> **Given material**:
>>

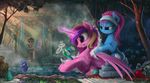  2015 animated bath blue_eyes blue_fur blue_hair cutie_mark earth_pony equine equum_amici feathered_wings feathers female feral foam friendship_is_magic fur grass group hair horn horse lotus_blossom_(mlp) magic mammal multicolored_hair my_little_pony outside pink_fur pink_hair pony princess_cadance_(mlp) princess_celestia_(mlp) princess_luna_(mlp) purple_eyes rubber_duck smile steam towel tree twilight_sparkle_(mlp) water winged_unicorn wings yakovlev-vad 
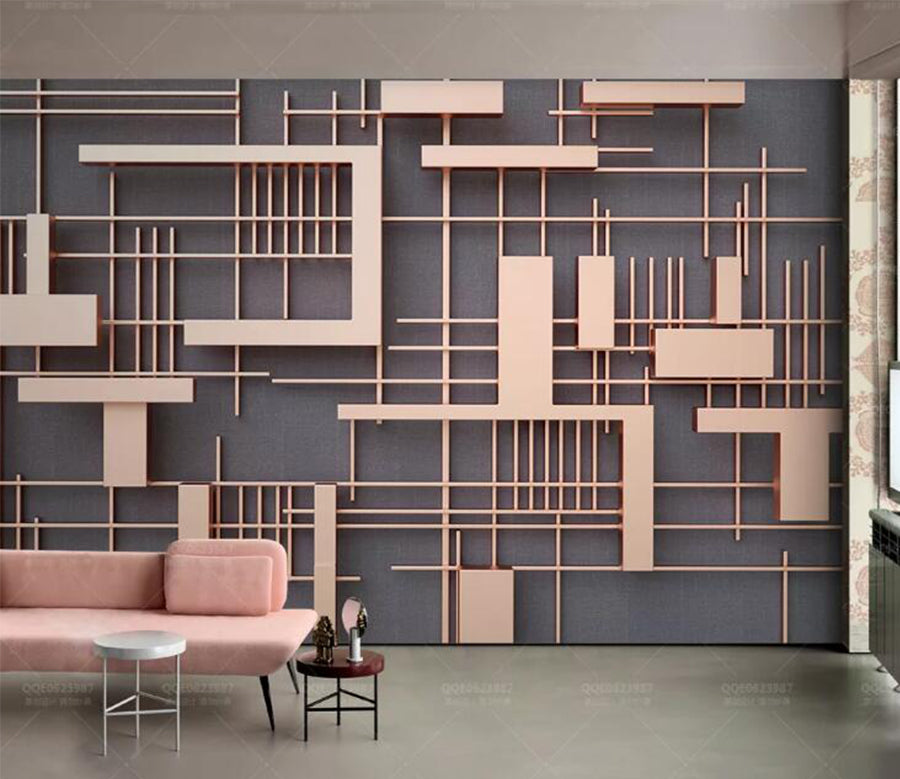 3D Minimalistic Patchwork WC136 Wall Murals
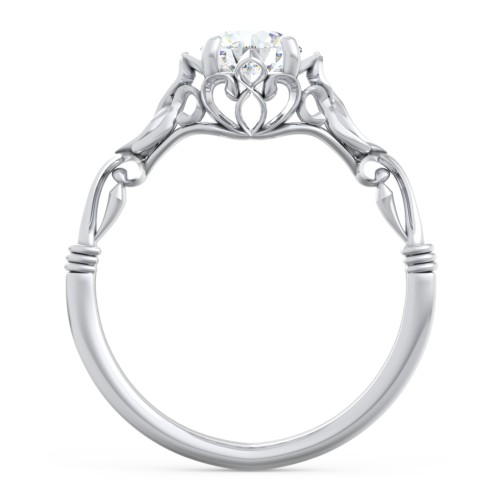 Vintage Solitaire Engagement Ring with Filigree and Infinity Designs – 14K White Gold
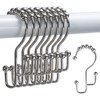 SUTINE Shower Curtain Hooks, 12 Pcs Double Shower Curtain Hooks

<<

> **Activity**: Everything in the data except the pictures needs to be written out exactly.

> **Written solution**:
  2015 animated bath blue_eyes blue_fur blue_hair cutie_mark earth_pony equine equum_amici feathered_wings feathers female feral foam friendship_is_magic fur grass group hair horn horse lotus_blossom_(mlp) magic mammal multicolored_hair my_little_pony outside pink_fur pink_hair pony princess_cadance_(mlp) princess_celestia_(mlp) princess_luna_(mlp) purple_eyes rubber_duck smile steam towel tree twilight_sparkle_(mlp) water winged_unicorn wings yakovlev-vad 
 3D Minimalistic Patchwork WC136 Wall Murals
 Vintage Solitaire Engagement Ring with Filigree and Infinity Designs – 14K White Gold
 SUTINE Shower Curtain Hooks, 12 Pcs Double Shower Curtain Hooks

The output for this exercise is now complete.